Over the previous nine games, the Cubs relievers had only given up four combined runs and the bullpen had been a major player in the team’s resurgence of late.
That successful run ended in dramatic fashion as the Cardinals did their damage with the help of seven doubles in the seventh. Four Cubs relievers saw action in the inning.
It all started innocently enough with an infield single from David Freese. James Russell came on to relieve Justin Germano and the rout was on. Russell gave up six runs on four hits and two walks, Manny Corpas gave up four runs without getting an out and Rafael Dolis gave up a pair of run-scoring doubles.
“You look at their lineup and you don’t see anything that extreme but that’s a tough lineup to get through with the switch hitters and the quality hitters they have,” manager Dale Sveum said. “That’s why five doubles were down the right-field line, two doubles were down the left-field line and [Lance] Berkman added another double late. That’s quality hitters that take that stuff away and they did a great job."
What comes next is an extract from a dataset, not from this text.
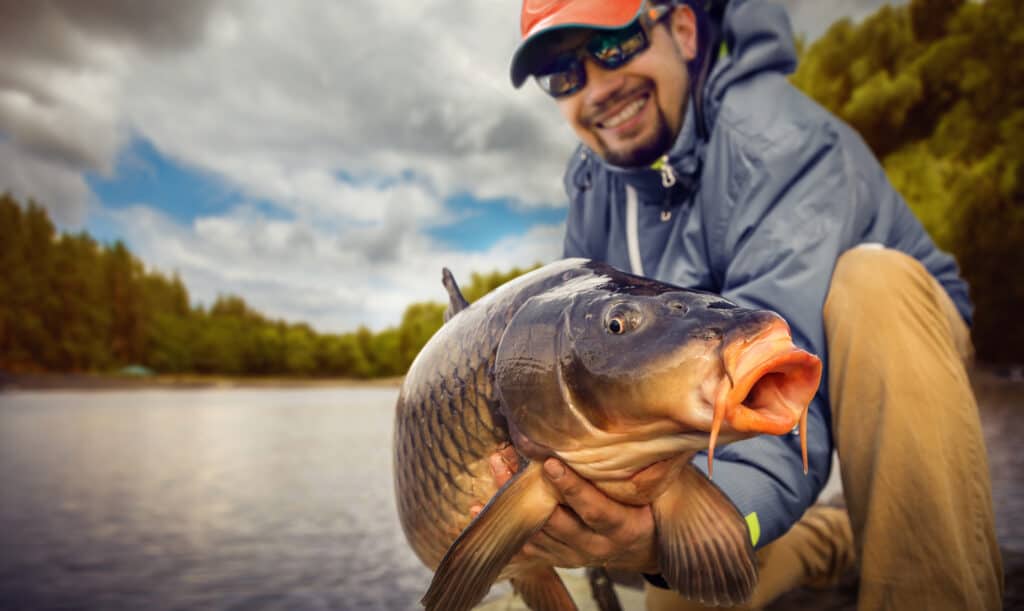 Fisherman holding a carp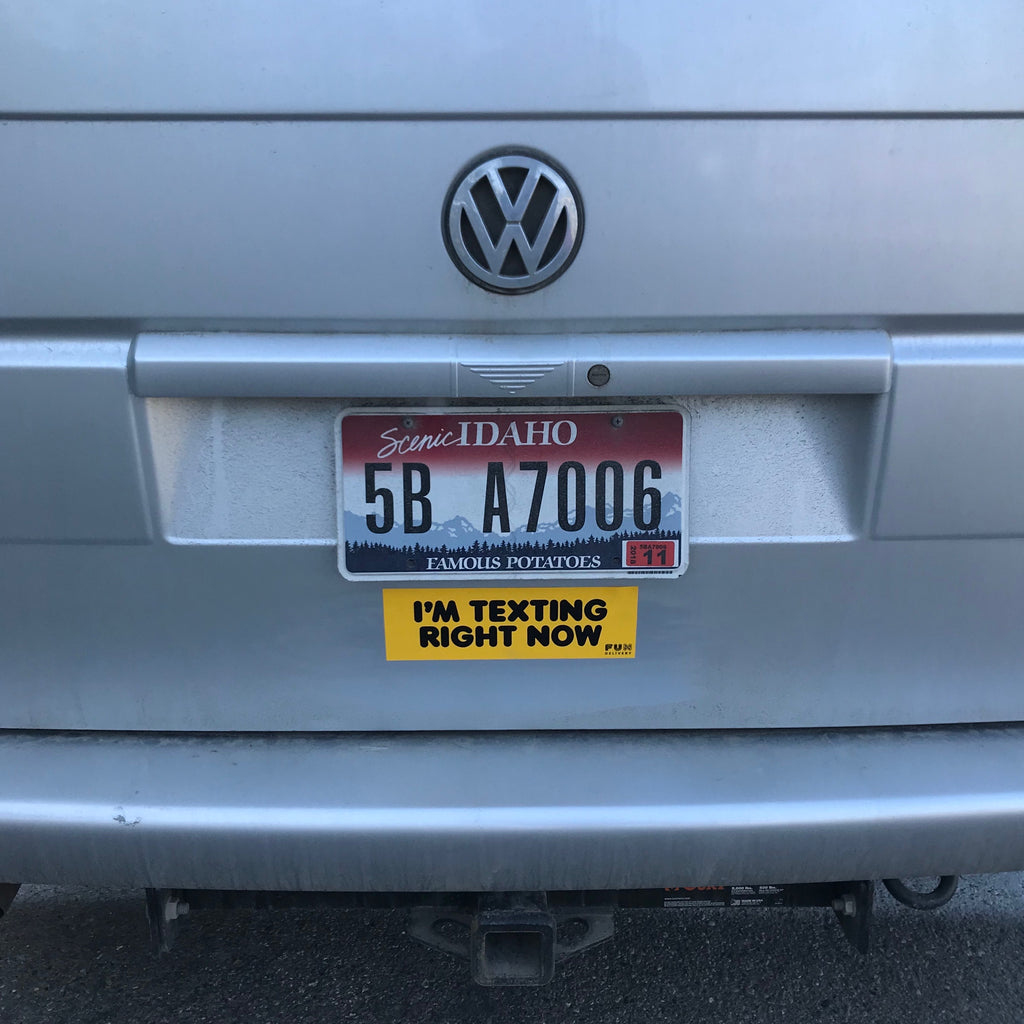 I'm texting right now prank bumper sticker displayed on Volkswagen trunk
It actually wasn’t that long ago that the Cubs gave up a dozen runs in an inning. It happened July 30, 2010 at Colorado. The Cardinals tied a club record with their 12 runs in an inning, matching a franchise mark first set in 1926. The seven doubles in an inning tied a major league record set by the Boston Bees in 1936.
The six runs allowed by Russell were a career high. He had only given up 12 earned runs all season before the outing.
Going back to the start of 2011, Russell’s 2.31 ERA entering play Saturday was the second best ERA from a National league lefty reliever, behind the 1.57 mark from the Braves’ Eric O'Flaherty. In one night, Russell’s 2012 ERA went from 2.45 to 3.63.
“Russell has gone four months basically without a hiccup like that,” Sveum said. “Those things can happen. Unfortunately it was in a 0-0 game and it started out on an infield dribbler. We got an out on a bunt and after that we all witnessed some good hitting too.”
After giving up 4 runs over the past 9 games, Cubs relievers cough up 12.